こうした状況を断ち切るには、上場後も東証や規制機関、監査法人などの厳格な審査が必要だ。そこが骨抜きになると、上場企業の信頼を損ねる事態を招きかねない。
テラは、東京大学医科学研究所が開発した技術を活用した創薬バイオベンチャーだ。医薬品の開発は、多額の資金を要する。信用力が乏しいテラは、株式発行で資金調達を急いだ。
新型コロナの感染が急拡大していた最中の2020年4月27日。提携する企業のメキシコ子会社が、新型コロナ薬を開発して薬事申請したと発表した。
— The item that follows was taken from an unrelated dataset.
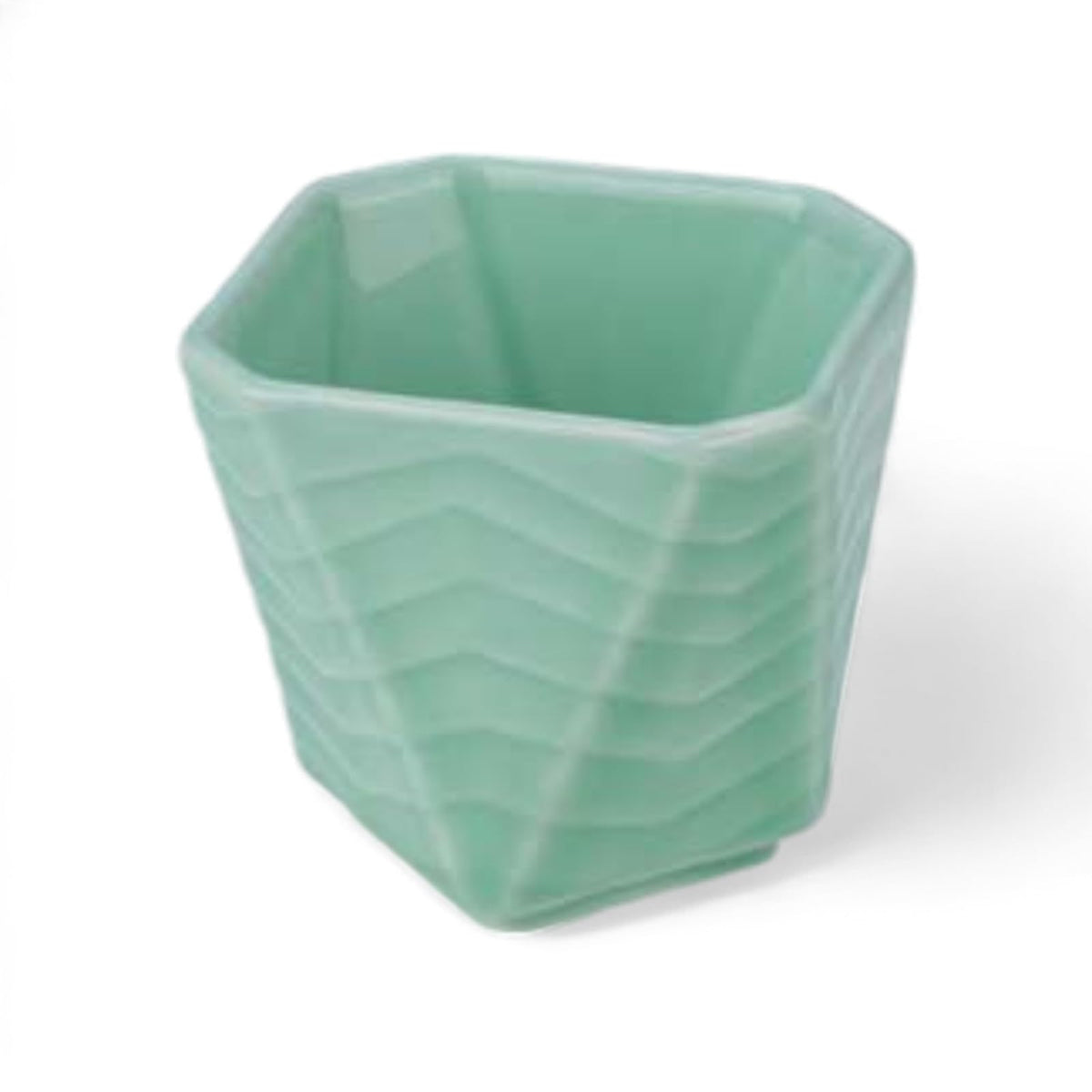 匠美風(Sho Bifu) Takumikaze Arita Ware Small Bowl, Celadon Rattle, Octagonal Included, Made in Japan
発表当日165円だったテラの株価は同年6月9日、2175円まで急騰した。
ところが、その後の社内の調査で、薬事申請の事実はなく、メキシコ子会社の存在自体も確認されなかったことが明らかになった。これを受け、テラは2021年9月、2020年4月以降の1年間に開示した情報の4割が事実と異なるおそれがあると公表した。その後、一部開示の取り下げや訂正を余儀なくされた。
東証は「特設注意市場銘柄」への指定と上場契約違約金2,000万円を求めた。だが、上場は維持され、JASDAQから新市場区分のスタンダードに移行した。
テラは2021年3月、金融商品取引法違反の疑いで強制調査を受け、2022年3月に関係者がインサイダー容疑で逮捕された。
2022年12月期の売上高(連結)予想はわずか2,700万円。10期連続の最終赤字を見込み、6月にはシェアオフィスに移転した。上場会社では極めて異例だ。
この段階で賃料や給与など支払い延滞が膨れ上がっていた。こうした状況でもテラは上場を維持でき、破産申請まで株価は90円超で推移した。

過剰なノルマ設定の末

  マニュアル制作などを手掛けるグレイステクノロジー(株)(TSR企業コード:294306579、当時東証1部)は、機関投資家への説明に合わせるため過大な売上目標を設定していた。その達成困難な過剰ノルマを糊塗するため、売上の架空計上が始まった。
売上の前倒しや架空計上で業績は好調を装い、2020年12月の株価は上場来の最高まで上昇。裏側では泥沼の自転車操業を続けた。
だが、2021年4月の元会長の急逝でこの事実が発覚し、四半期決算を提出できないまま、2022年2月に上場廃止となった。

調査報告書で東証への指摘

  指紋認証ソリューションなどを手掛ける東証グロースの(株)ディー・ディー・エス(TSR企業コード: 401376885)は8月8日、不適切会計の調査報告書を公表した。
報告書では、前会長による非現実的な売上予算の策定と予算必達主義が不適切な会計につながったと指摘された。
報告書で第三者委員会のスーパーバイザーを務めた久保利英明弁護士は、「グロース市場に対する投資を呼び起こすためにも、規制当局はグロース市場に対し、もう少し厳しい目を向ける必要があるのではないか。上場審査の後、東証は何らフォローアップをする必要がないのか」と疑問を呈し、「(グロース市場の上場会社は)コーポレート・ガバナンスが機能していない企業が多いという事実から目を背けてはならない」と指摘した。

不正会計

‌後を絶たない「調査報告書」の開示

 上場企業への「信頼」は、過去のものなのか。不正な会計や情報開示も、第三者委員会の調査を公表し、過年度の開示や内部統制報告書の訂正で終わりというケースもある。こうした緩い処分が、上場企業のガバナンスを崩し、不正を助長している側面も指摘される。
東証や金融庁などの規制当局は、チェック体制の強化だけでなく、自己中心的な不正に手を染めた企業への罰則強化の議論を急ぐべきだろう。